Um livreto publicado pela Prefeitura de Moscou para os trabalhadores migrantes tinha por objetivo aumentar a compreensão entre esse grupo e os moscovitas, mas a medida provocou polêmica e inúmeras críticas nas redes sociais.“Ele contém regras de conduta e leis que devem ser conhecidas e seguidas!”, diz uma menina vestindo um adorno tradicional russo e de trança grossa. No material destinado aos migrantes que chegam à capital russa, Vassilisa Premudraia, heroína de antigos contos populares do país, é um dos personagens do livro de 100 páginas com subtítulo “Sobre as regras de conduta de migrantes em Moscou”.
O livro instrutivo vem na forma de quadrinhos. Nele, personagens de conto de fadas falam com heróis abstratos simbolizando os migrantes.
“Os cidadãos estrangeiros vêm a Moscou, e acreditamos que eles também são heróis fantásticos e são recepcionados por heróis fantásticos da Rússia”, explica Aleksandr Kalinin, diretor da ONG responsável pelo material.
No livreto, os heróis dos contos de fadas trabalham em estreita colaboração com os migrantes. Eles explicam que não se pode falar alto nas ruas de Moscou, testam o conhecimento da língua russa, explicam regras para preencher documentos e mostram-lhes locais famosos.
Há também um vilão chamado Koschei, o Imortal, um velho horrível de rosto cinza que tenta persuadir os recém-chegados a trabalharem na região metropolitana de Moscou, embora sua permissão lhes permita trabalhar apenas na capital. Os migrantes não devem fazer isso, adverte o material.
“Inadequado e caro”
Apesar do objetivo declarado, a iniciativa causou uma onda de comentários negativos nas rede sociais. A principal crítica é o fato de Moscou ser apresentada como um reino de russos étnicos, onde migrantes não russos chegam para trabalhar.
“O que o gabinete do prefeito está tentando obter – estimular o nacionalismo?”, escreveu Serguei Tsvetkov em sua página no Facebook, acrescentando que entre os migrantes há também muitos russos étnicos de ex-repúblicas soviéticas.

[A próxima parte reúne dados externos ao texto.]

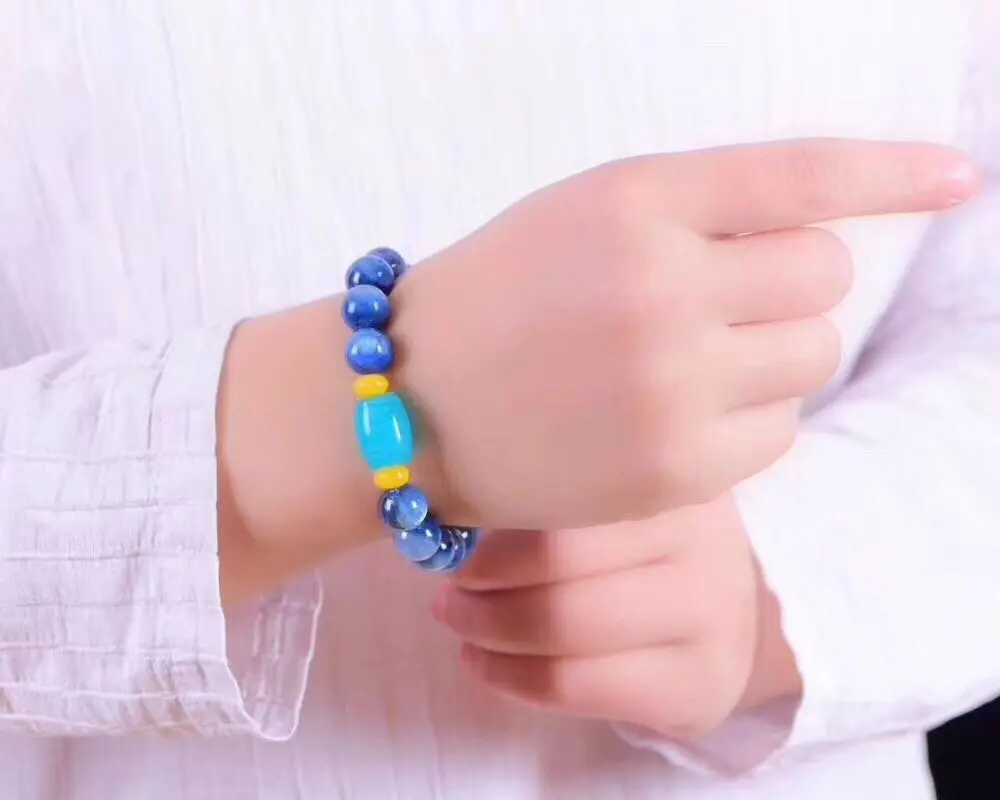 Натуральные натуральные круглые бусины kyanite plus Tianhe stone drum beads браслет bizuteria damска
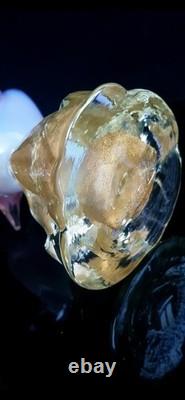 Large Murano Glass Pink Alabastro Bird With Gold Leaves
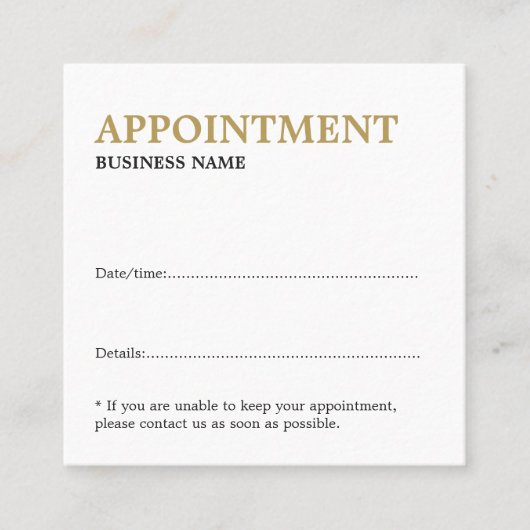Minimalistisch Elegant Vet Wit Gouden Geel Afsprakenkaartje (Voorkant)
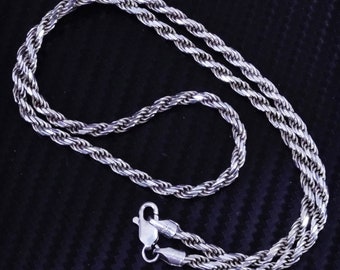 18” 3mm, vintage Italian sterling silver 925 diamond cut rope chain necklace, stamped 925 Italy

“Fica claro que a resistência dos heróis russos às hordas invasoras está sendo reavivada”, criticou Evgueni Varshaver, diretor do Centro de Estudos sobre Migração e Etnicidade, durante uma entrevista à transmissão russa da rede BBC.
Para Varshaver, o conteúdo da obra é bastante ambígua. “Por exemplo, diz que não se pode comer nas ruas em Moscou. Para mim, isso é notícia nova, e eu sou de uma terceira geração de moscovitas”, disse. O preço, de quase US$ 123 mil, também foi alvo de críticas na internet.
Apesar das observações, Varshaver acredita que “qualquer livreto é melhor do que nenhum”. A mesma opinião é compartilhada por Viatcheslav Postavnin, presidente da Fundação Migração: Século 21.
“Os migrantes estão chegando a uma sociedade completamente nova – com regras diferentes, uma cultura diferente e até éticas diferentes”, diz Postavnin. “Normalmente, seu ponto de referência são os seus compatriotas, sua diáspora, que é fechada e basicamente reproduz as regras de conduta utilizadas em seus países. Essa brochura pode ajudar os migrantes a se adaptarem à realidade russa”, acrescenta.
Postavnin acredita que as falhas apontadas são resultado do desejo imprudente dos autores de ter o trabalho apreciado não só por migrantes, mas também pela sociedade e autoridades russas. “Por isso, vemos policiais retratados como cavaleiros”, diz.
“Nossa sociedade é bastante condescendente com os migrantes. E isso foi refletido no livreto”, conclui Postavnin.